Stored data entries
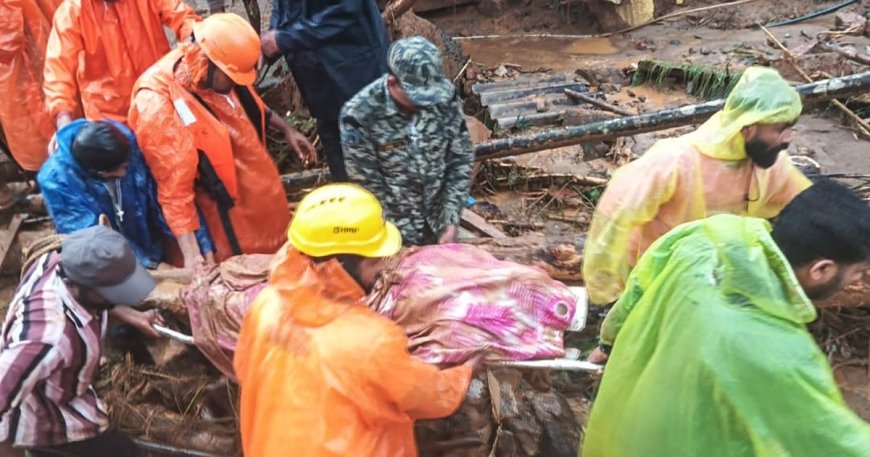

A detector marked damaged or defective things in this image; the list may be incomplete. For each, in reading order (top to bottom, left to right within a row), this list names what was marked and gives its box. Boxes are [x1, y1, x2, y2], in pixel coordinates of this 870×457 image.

broken timber [284, 71, 870, 191]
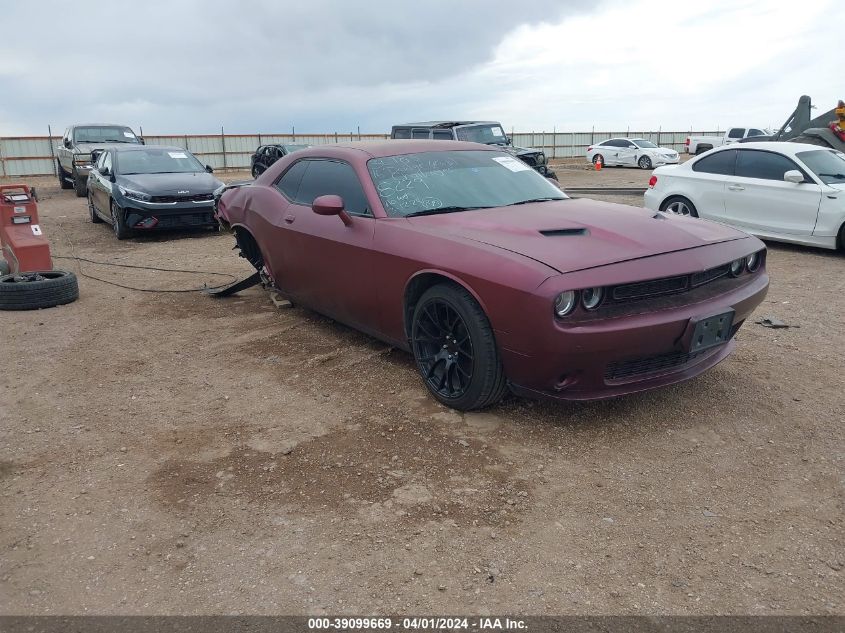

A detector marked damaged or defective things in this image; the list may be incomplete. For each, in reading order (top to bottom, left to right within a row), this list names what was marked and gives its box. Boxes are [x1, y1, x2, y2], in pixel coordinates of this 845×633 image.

detached bumper piece [127, 210, 218, 230]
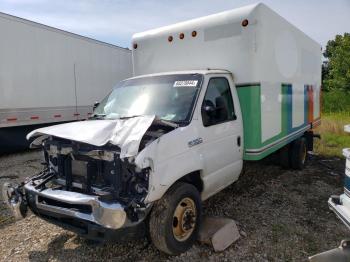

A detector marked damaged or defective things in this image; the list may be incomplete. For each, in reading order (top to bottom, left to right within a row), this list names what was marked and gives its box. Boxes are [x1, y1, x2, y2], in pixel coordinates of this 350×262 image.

crumpled bumper [24, 182, 129, 229]
crumpled bumper [330, 192, 350, 229]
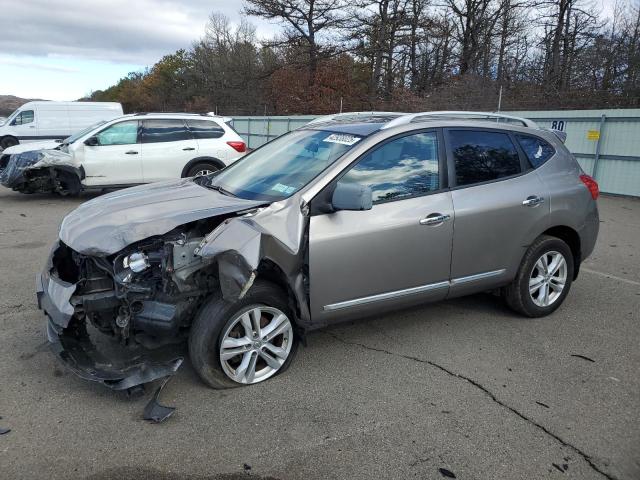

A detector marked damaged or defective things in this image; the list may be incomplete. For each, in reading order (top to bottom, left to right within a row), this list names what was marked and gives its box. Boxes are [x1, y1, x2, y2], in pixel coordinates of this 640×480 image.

detached front bumper [36, 268, 182, 392]
damaged white car [1, 113, 246, 195]
crushed front end [36, 229, 219, 390]
cracked asphalt [0, 189, 636, 478]
damaged silver suv [37, 111, 600, 390]
damaged white car [37, 112, 604, 394]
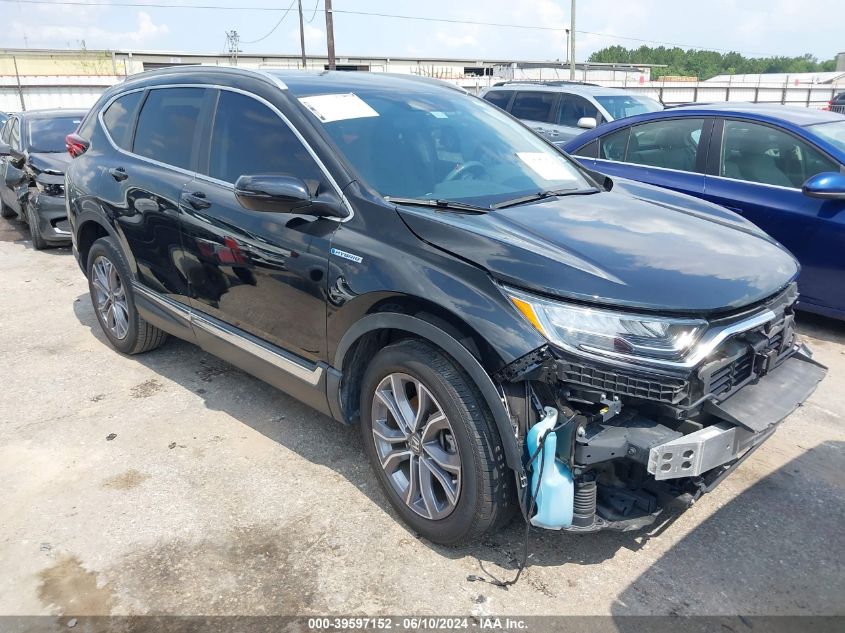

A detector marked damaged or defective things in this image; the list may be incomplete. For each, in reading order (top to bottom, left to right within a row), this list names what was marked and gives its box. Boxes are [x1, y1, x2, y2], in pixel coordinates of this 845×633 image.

crumpled hood [28, 151, 70, 175]
detached bumper [30, 191, 71, 243]
crumpled hood [398, 185, 800, 314]
damaged headlight area [504, 286, 708, 360]
damaged headlight area [494, 284, 824, 536]
front-end collision damage [492, 298, 828, 532]
detached bumper [648, 350, 820, 478]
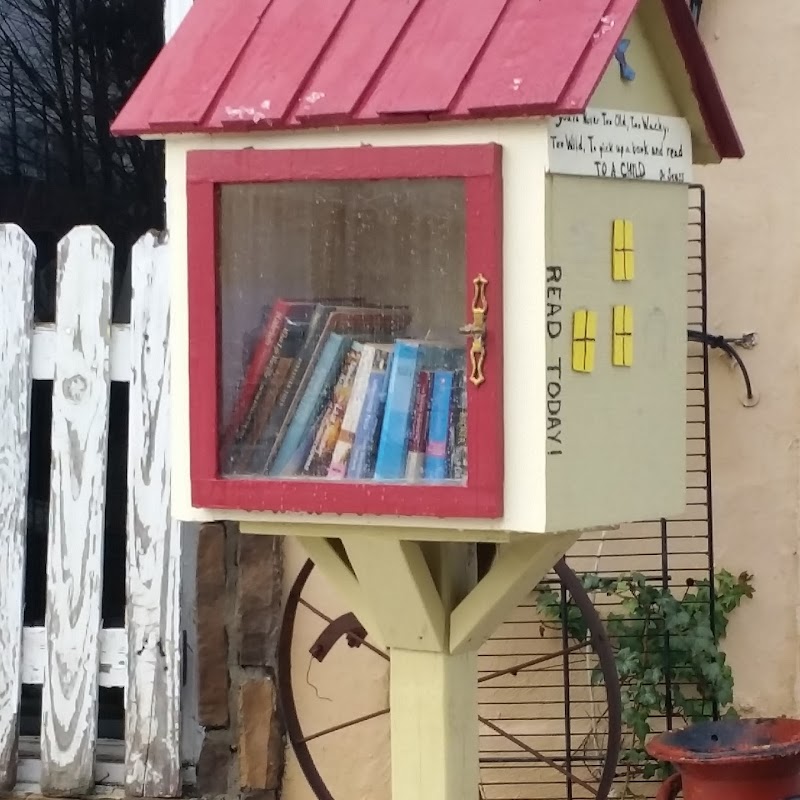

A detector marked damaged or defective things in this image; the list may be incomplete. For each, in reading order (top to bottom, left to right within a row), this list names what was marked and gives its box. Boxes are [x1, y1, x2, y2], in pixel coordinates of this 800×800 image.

rusty wagon wheel [278, 552, 620, 800]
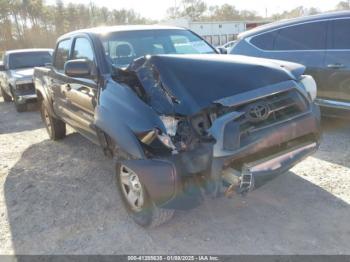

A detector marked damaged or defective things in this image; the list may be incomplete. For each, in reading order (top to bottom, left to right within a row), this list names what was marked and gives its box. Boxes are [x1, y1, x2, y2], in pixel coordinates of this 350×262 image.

crumpled hood [134, 54, 304, 114]
damaged headlight [298, 75, 318, 101]
damaged headlight [160, 116, 179, 137]
damaged pickup truck [34, 25, 322, 228]
front end damage [111, 54, 320, 210]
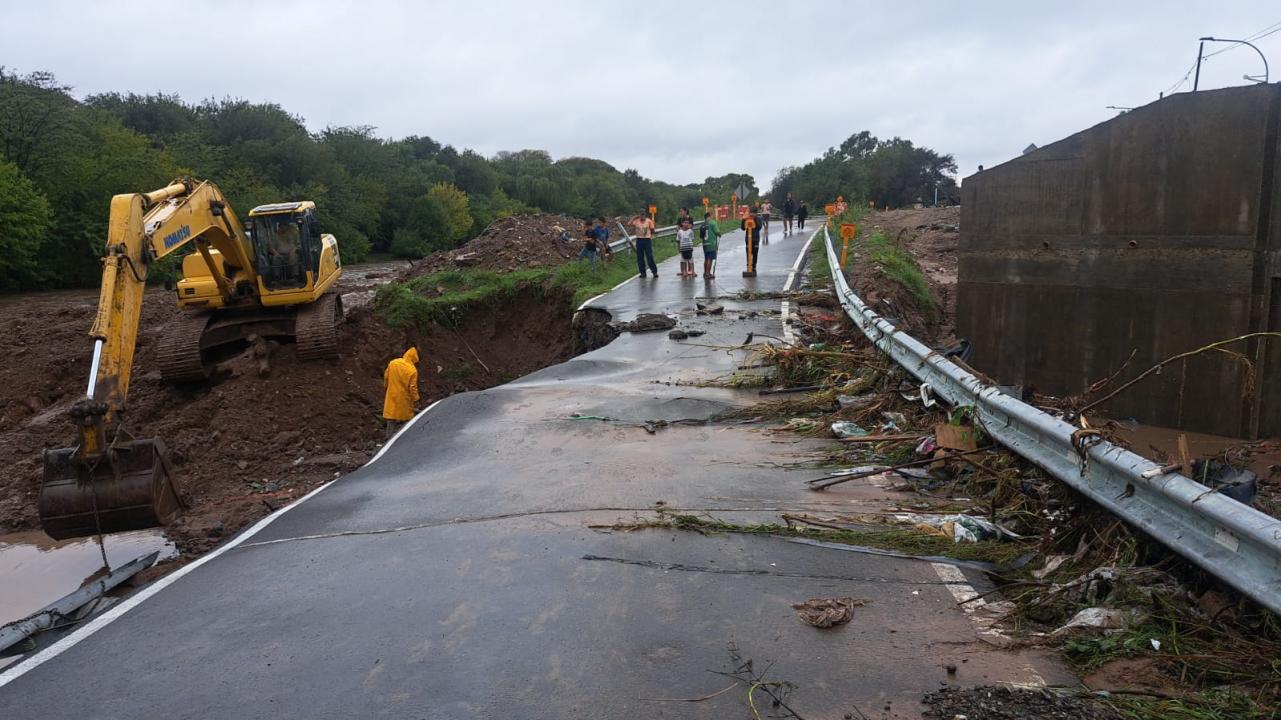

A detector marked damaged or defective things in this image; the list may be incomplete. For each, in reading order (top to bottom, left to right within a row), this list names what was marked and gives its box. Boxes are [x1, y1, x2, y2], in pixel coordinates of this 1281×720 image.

cracked asphalt [0, 222, 1070, 712]
bent guardrail [819, 224, 1281, 609]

- _DESCRIPTION OF THE TASK_: Restate word for word the lines above, beginning with the one that contains "this 1281×720 image." and ending with the last line.

- _RESULT FOR THIS TASK_:
A detector marked damaged or defective things in this image; the list may be incomplete. For each, in reading order (top to bottom, left to right within a row), this list names what was marked and gives its box. Boxes are [x1, y1, x2, y2], in pixel coordinates of this 1281×720 image.

cracked asphalt [0, 222, 1070, 712]
bent guardrail [819, 224, 1281, 609]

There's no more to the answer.